Like beaver dams, churches and the people who fill them are to have a filter quality to them, taking the ash that poisons the water of this world and gracefully settling it to the ground so that pure water may spring forth on the other side.

We are safe havens from death and destruction, from nihilism and vain humanism—but we are not simply a fortress that “takes in refugees,” we also “send out.”

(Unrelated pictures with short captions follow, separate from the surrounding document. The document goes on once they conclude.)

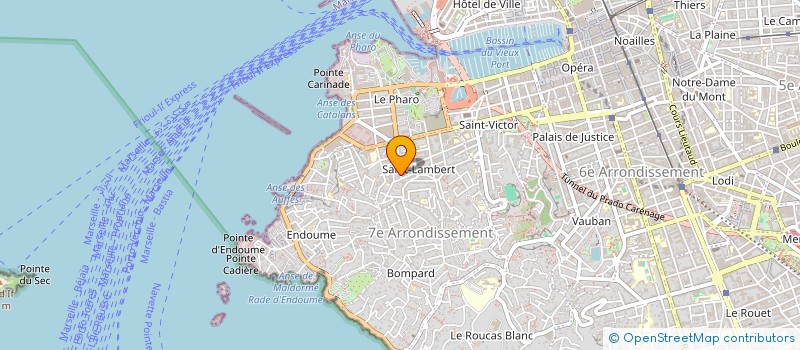 localisation de l'entreprise ENCRES DU SUD à MARSEILLE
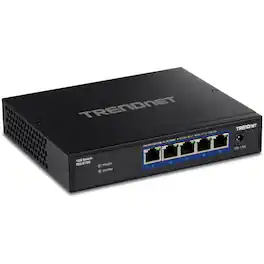 Trendnet - 5-Port 10G Switch, TEG-S750, 5 x 10G RJ-45 Ports, 100Gbps Switching Capacity, Supports 2.5G and 5G-Base-T - Unknown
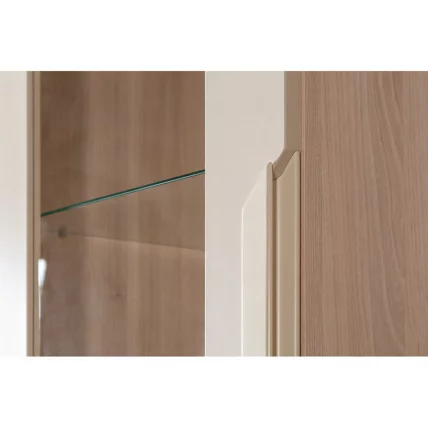 Шкаф витрина Сканди (ВИ) Жемчужно-белый_5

We water the part of the world God has given us. We tend to the things in front of us, the people that cross our path, the strangers in our midst, and soon the whole ecosystem is transformed—not by us, but by the living water of God—the One who calls us out of nothingness into somethingness—into meaning and purpose, into love and resurrection-living.

That’s something that is not only appealing to Gen Z—that’s a message this whole world is desperate to hear and to see in practice. And believe it or not, someone may experience this simply by you being a refuge to them, a living stone cut out of the rock of Christ, in which they can trust.

“Come to [Jesus], a living stone, though rejected by mortals yet chosen and precious in God’s sight, and like living stones, let yourselves be built into a spiritual house, [a refugium for the life of the world].”